Bütün dünya bu virüsün olumsuz etkilerini konuşurken, iki emperyalist şizofren ortaya çıktı, babalarının malını paylaşıyorlarmış gibi bütün dinler için kadim şehir olan Kudüs'ü paylaştılar.

Bu paylaşmaya Arap ülkelerinin çoğunluğunun gıkı bile çıkmadı. İrfanı hür, vicdanı hür hiç bir insanın Kabul edemeyeceği bu paylaşmayı alkışlarla destekleyen Arap Ülkelerinden yöneticiler bile oldu. Allah ıslah etsin.

Bu aksiyonlar içinde pazartesi okullar açıldı, yeni dönem başladı. Ağlamayla, sızlamayla, işe yaramayan eleştirilerle başarı olmuyor. Öğrencilerin, kendilerini tanıyıp, kişiliklerinin oluşumuna kendileri katkı sağlamalılar. Bu da akıl ile, bilim ile ilim ile irfan ile adale ile oluyor. Bu değerler öğrencilere insani özellik katar. Adaletin, hakkın, vicdanın olmadığı yerde, ilimden fenden, bilimden, kazançtan bahsetmenin çok da insane olmadığı apaçık ortada.

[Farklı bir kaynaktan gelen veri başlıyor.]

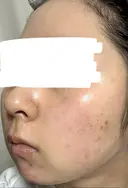 水光注射（ハリ・美肌） ARTE BEAUTY CLINIC DAY 8 サムネイル用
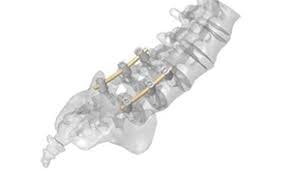 Medical PEEK OPTIMA spinal rods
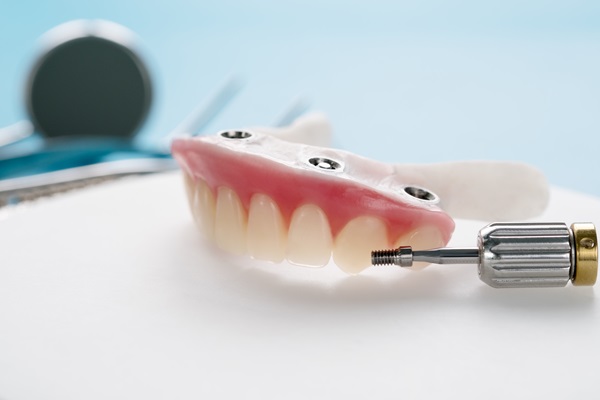 What You Need To Know About Partial Dentures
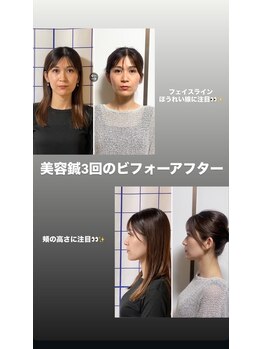 あらかき接骨院/【美容鍼】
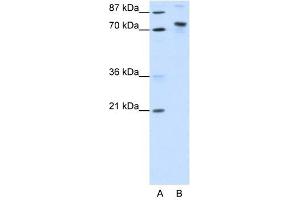 KIAA0737 antibody (20R-1215) used at 0. (TOX4 抗体  (N-Term))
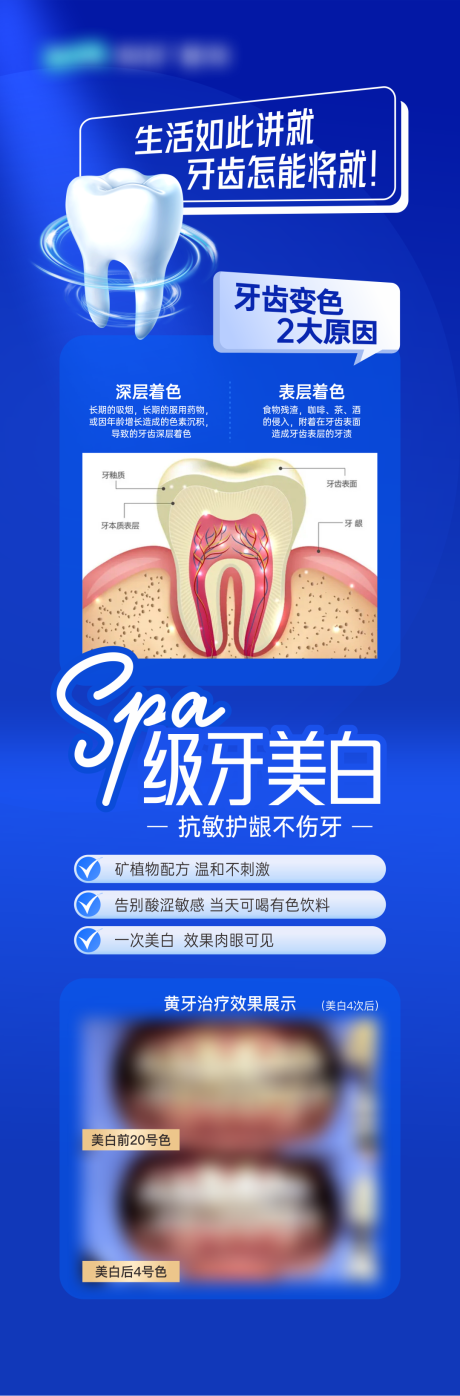 源文件下載【美白牙齒】編號：90180029916702996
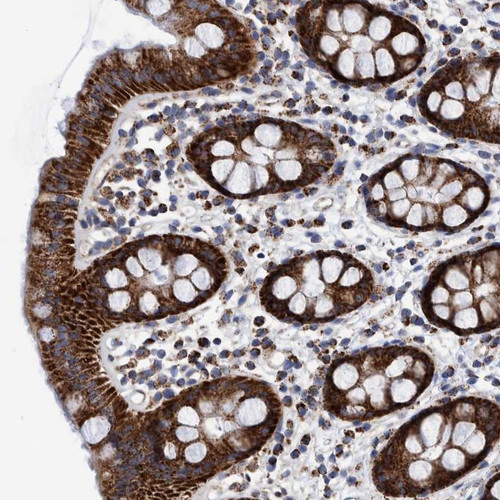 Immunohistochemical staining of human rectum shows strong cytoplasmic positivity with a granular pattern in glandular cells.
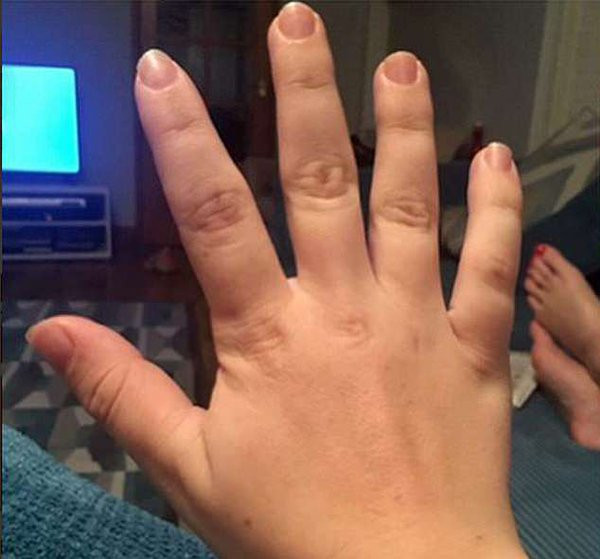 Người phụ nữ có bàn chân, bàn tay phát triển không ngừng Người phụ nữ có bàn chân, bàn tay phát triển không ngừng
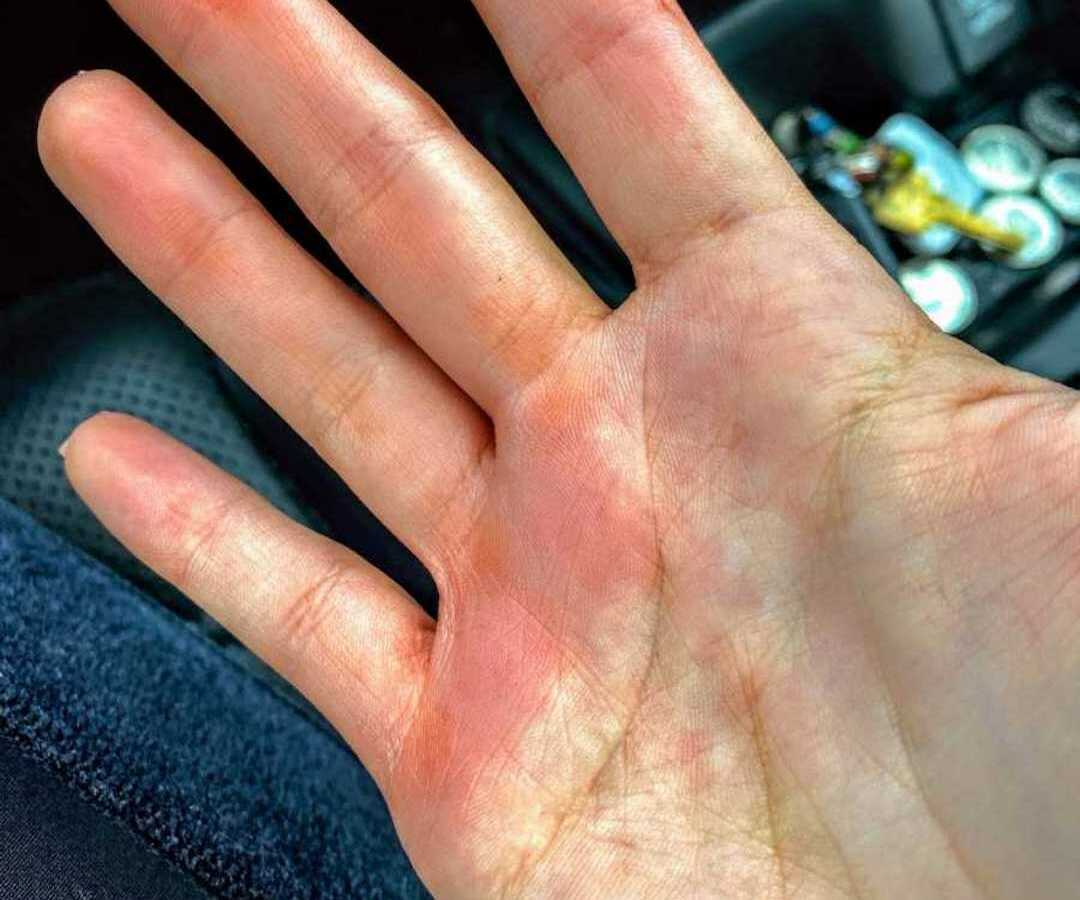 hand red from gripping steering wheel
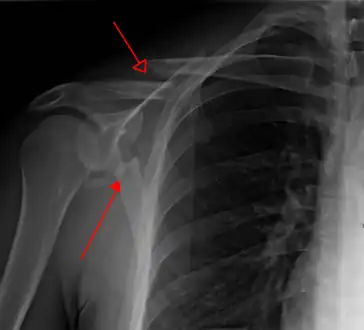 X-ray showing a fracture of the clavicula and scapula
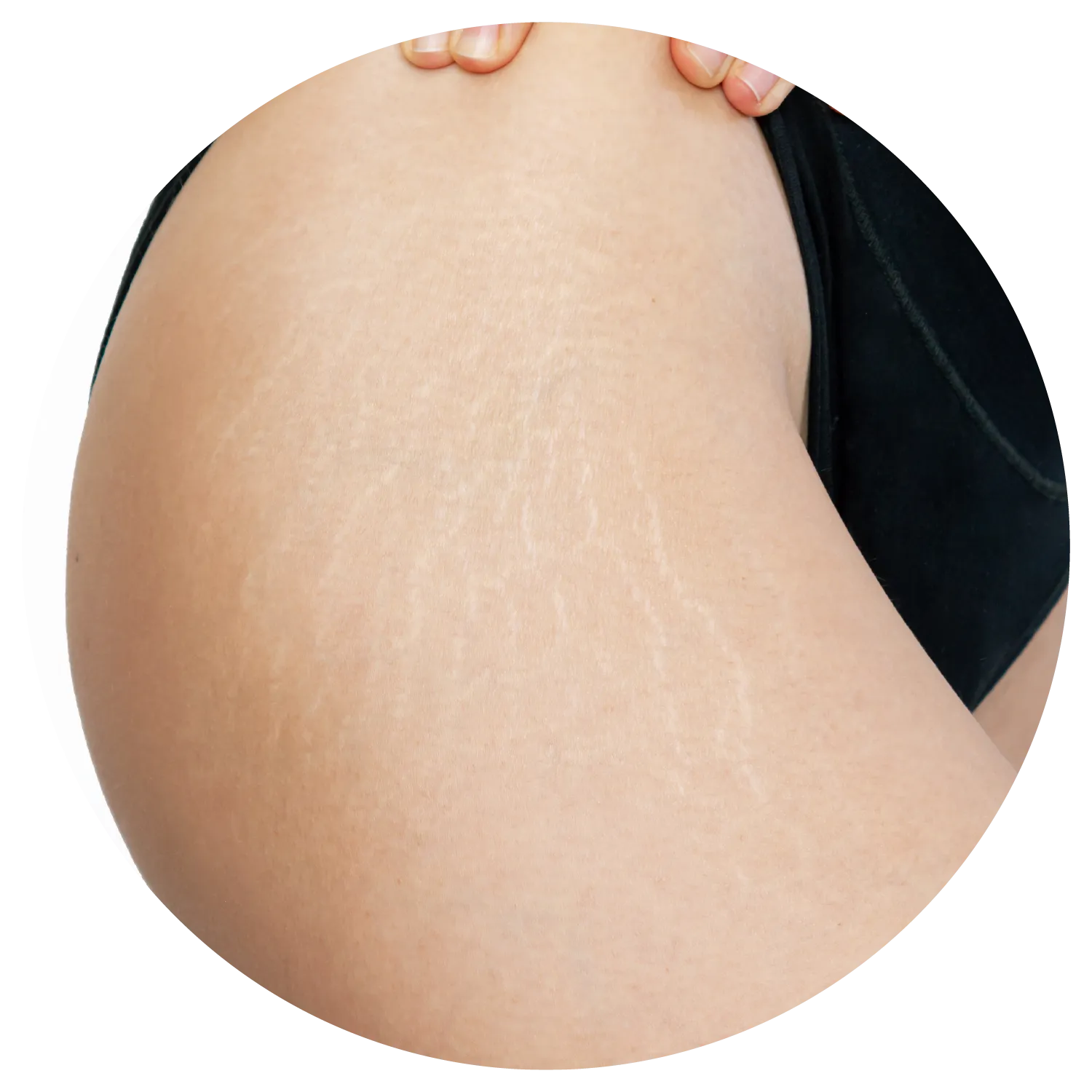 Stretch Marks treatment results at Toronto medical spa - The Chain Reaction of Symptoms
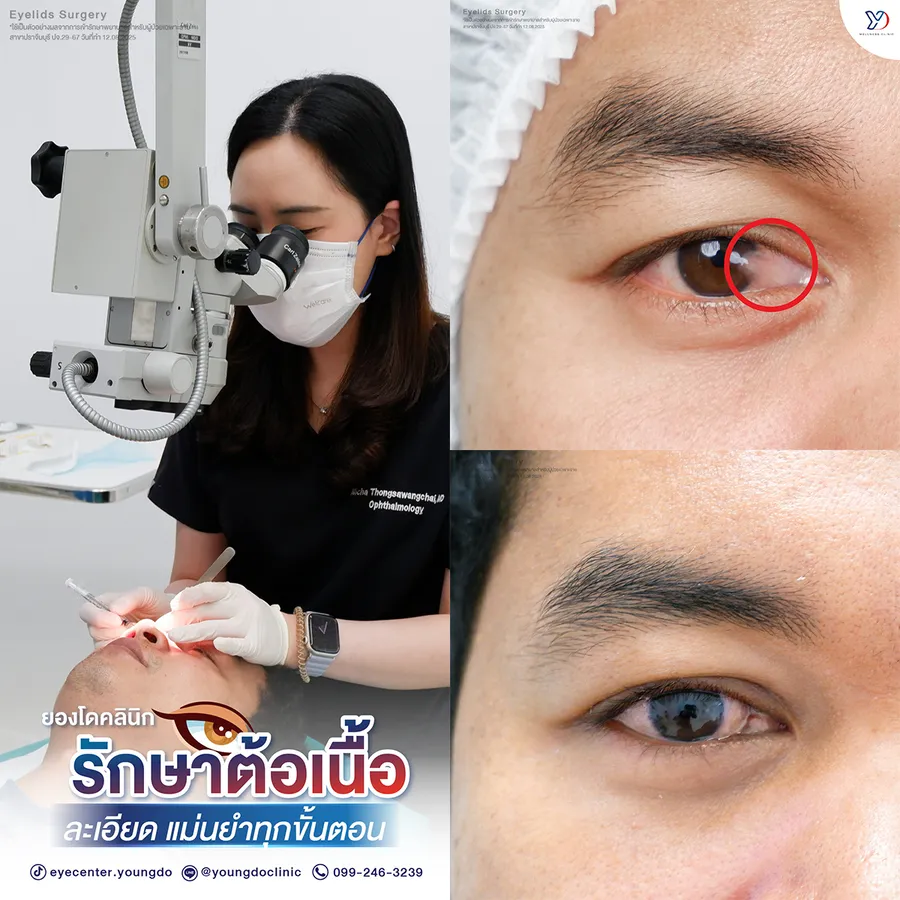 รักษาต้อเนื้ออย่างแม่นยำ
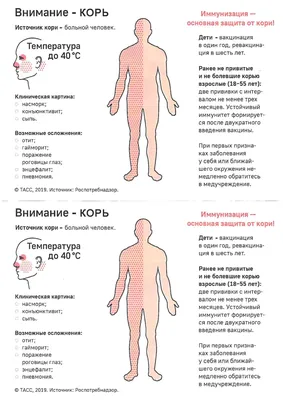 В России участились вспышки кори. Как защититься от смертельно опасной  болезни |  | Волгодонск - БезФормата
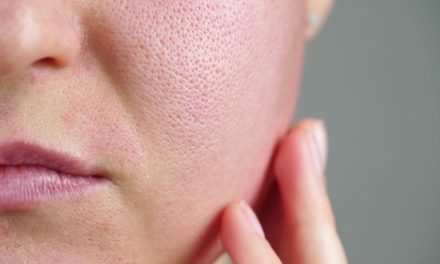 Crvenilo i ljuštenje kože na licu – uzrok, simptomi, liječenje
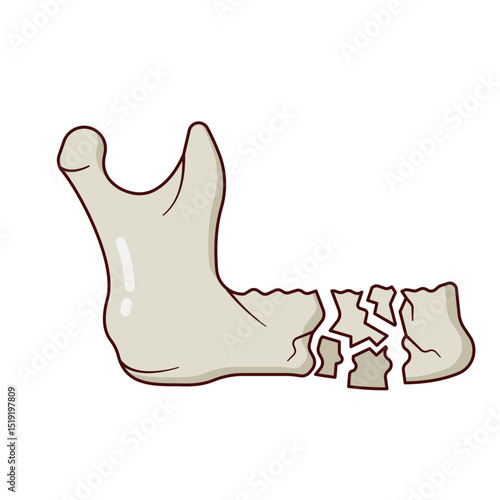 Mandibule Fracture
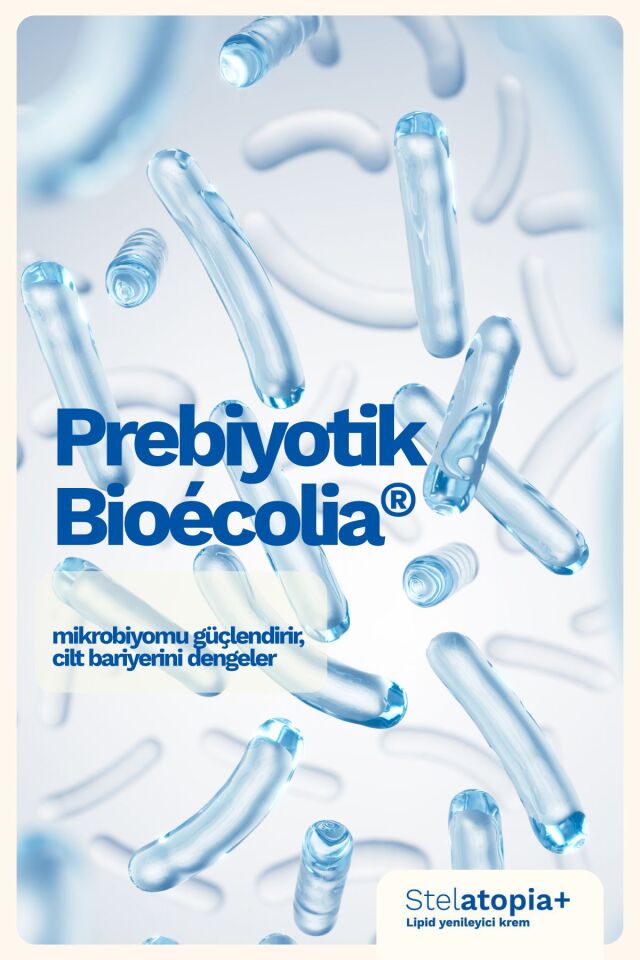 Stelatopia Lipit Yenileyici Atopik Cilt Ve Çok Kuru Cilt Için Rahatlatıcı Krem 300ml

Gençliğimiz kibirlenmeden değerlerini onuruyla koruyup gururla onları yaşatabilmeli. Unutmayalım ki onur ve gurur gençliğin varoluş mücadelesinin kaynağı olmaya hep devam edecek, bu gençliğin diğer milletler içinde varlık gerekçesi olacaktır.